The toner according to any one of claims 1 to 15, further comprising a wax having a maximum endothermic peak measured by DSC in a region of ° C. 17. The toner according to claim 16, wherein the release agent contains a wax having a maximum endothermic peak measured by DSC in a range of 40 ° C. to 90 ° C. 18. The toner particles contain at least a binder resin, a colorant and a release agent, and the toner particles contain 3 to 40 parts by weight of the release agent based on 100 parts by weight of the binder resin.

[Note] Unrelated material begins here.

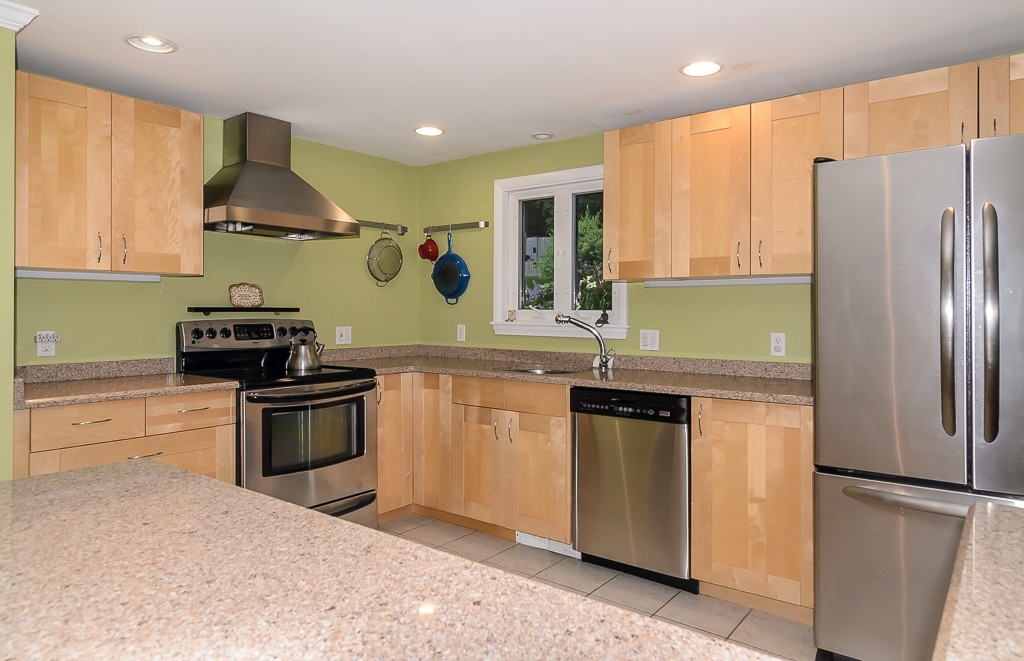 118 Aletha Road Needham, MA 02492 - Photo 11 of 26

The toner according to any one of claims 1 to 17, wherein the toner is contained. 19. The toner according to claim 16, wherein the release agent contains an ester wax having at least one long-chain ester moiety having 10 or more carbon atoms. 20. A toner image formed on an electrostatic image carrier by developing with a charged toner using a toner carrier for carrying the toner and toner applying means for applying the toner to the toner carrier. 20. An image forming method comprising: forming a toner image on a transfer material; transferring the toner image onto the transfer material; and heat-fixing the toner image on the transfer material.
An image forming method, wherein the toner is the toner according to any one of the above.